= Assignment =
Your answer should consist only of the records, copied exactly, with the images removed.

Short text fragments from websites
========
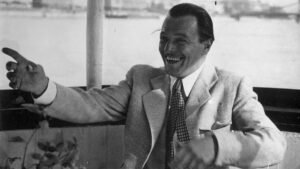 Jávor Pál-kvíz: Ön mennyire ismeri a magyar film legendás szívtipróját?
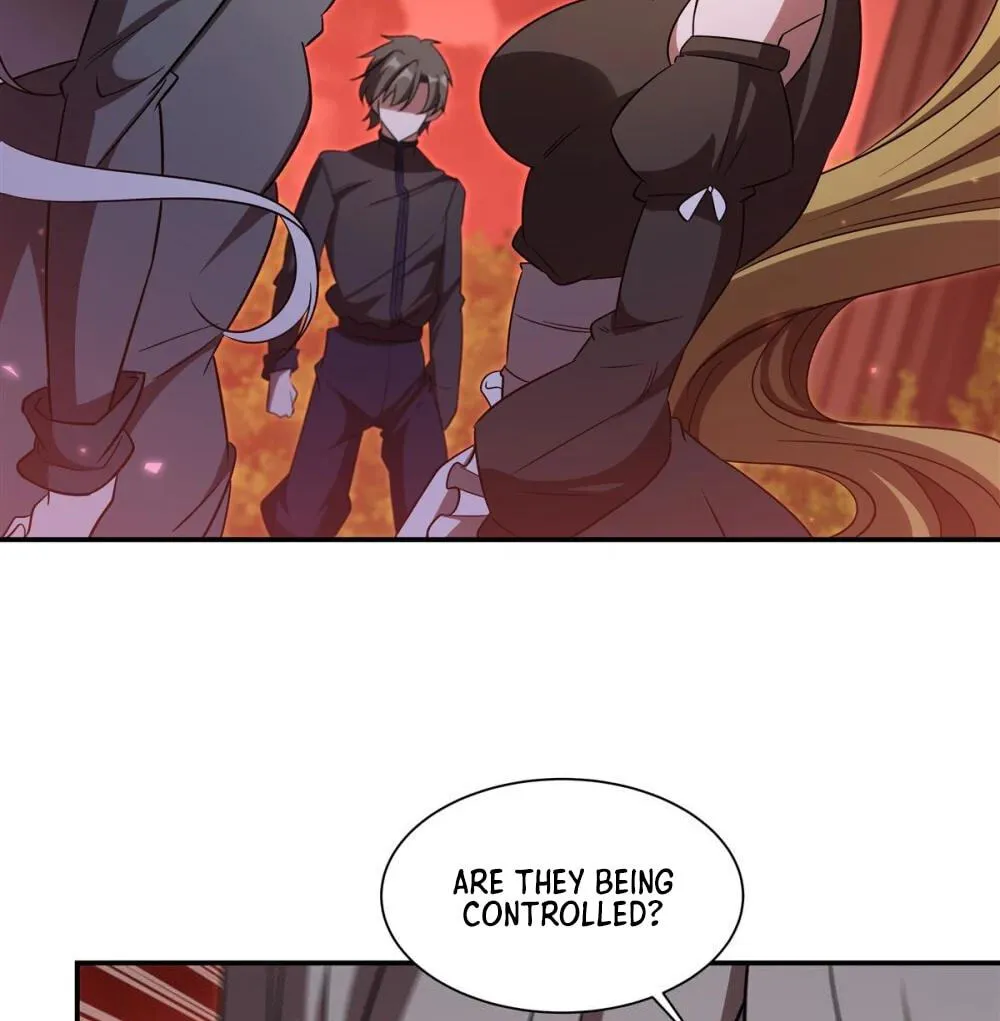 Read Vampires and Knight chapter 347 image 57 on Lezhin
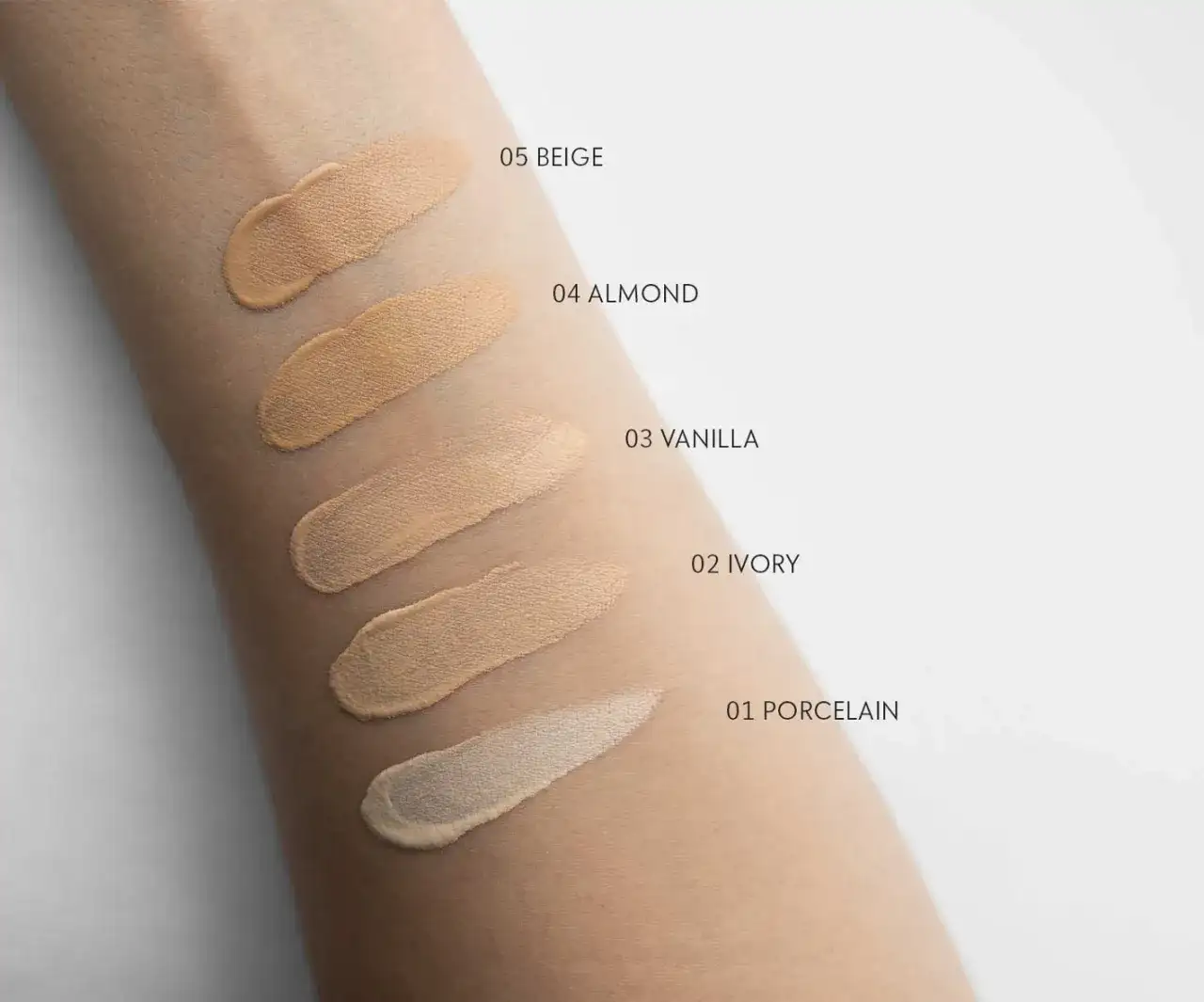 Najlepszy podkład nawilżający rozświetlający dla zdrowej cery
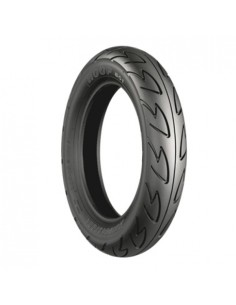BRIDGESTONE 100/80 -10 53J HOOP B01  TL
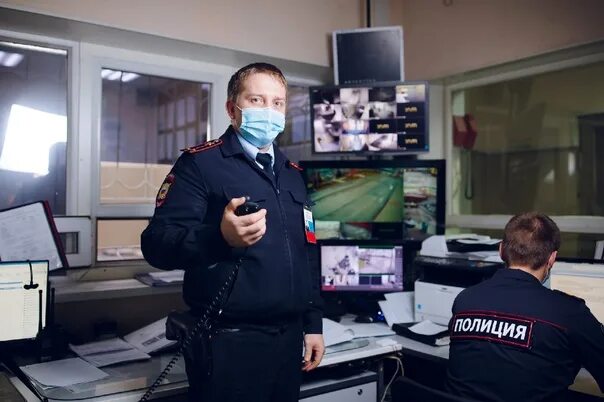 Приеме регистрации и разрешении сообщений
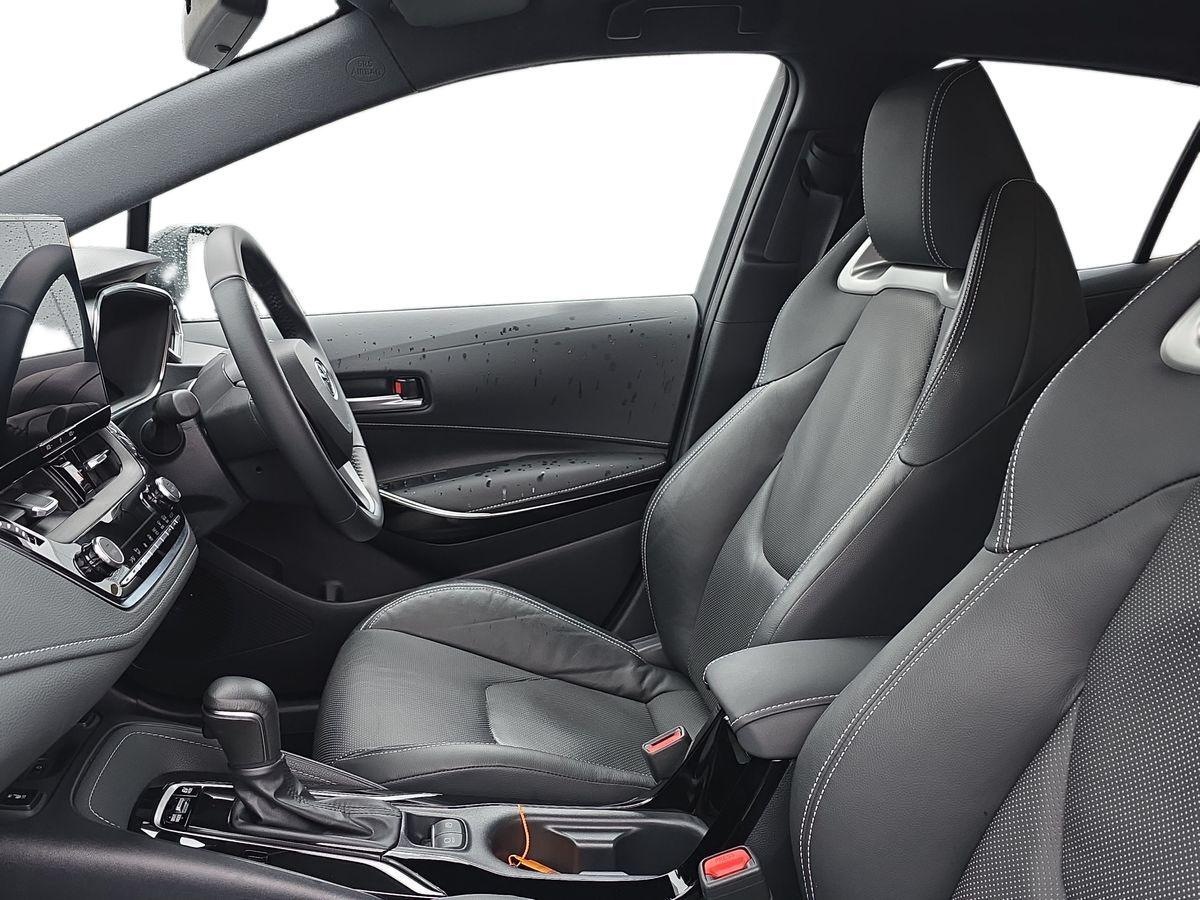 Used Toyota Corolla 2023 for sale - 76658094: Photo 18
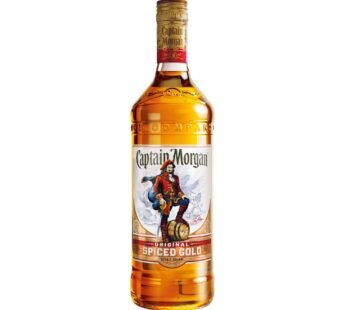 Captain Morgan Spice Gold 700ml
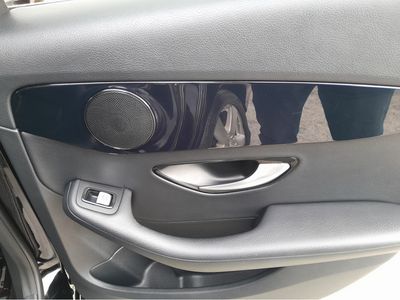 2015 Mercedes-Benz C Class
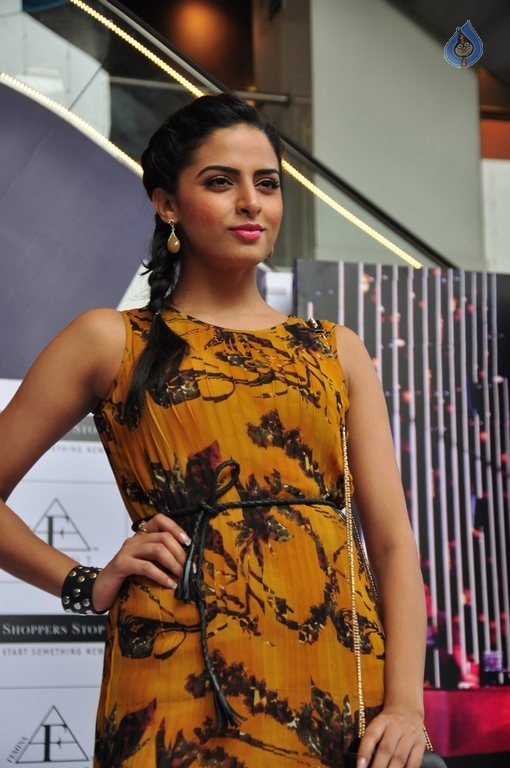 Shoppers Stop Femina Flaunt Fashion Launch - 8 / 47 photos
========
= Your response =
 Jávor Pál-kvíz: Ön mennyire ismeri a magyar film legendás szívtipróját?
 Read Vampires and Knight chapter 347 image 57 on Lezhin
 Najlepszy podkład nawilżający rozświetlający dla zdrowej cery
BRIDGESTONE 100/80 -10 53J HOOP B01  TL
 Приеме регистрации и разрешении сообщений
 Used Toyota Corolla 2023 for sale - 76658094: Photo 18
 Captain Morgan Spice Gold 700ml
 2015 Mercedes-Benz C Class
 Shoppers Stop Femina Flaunt Fashion Launch - 8 / 47 photos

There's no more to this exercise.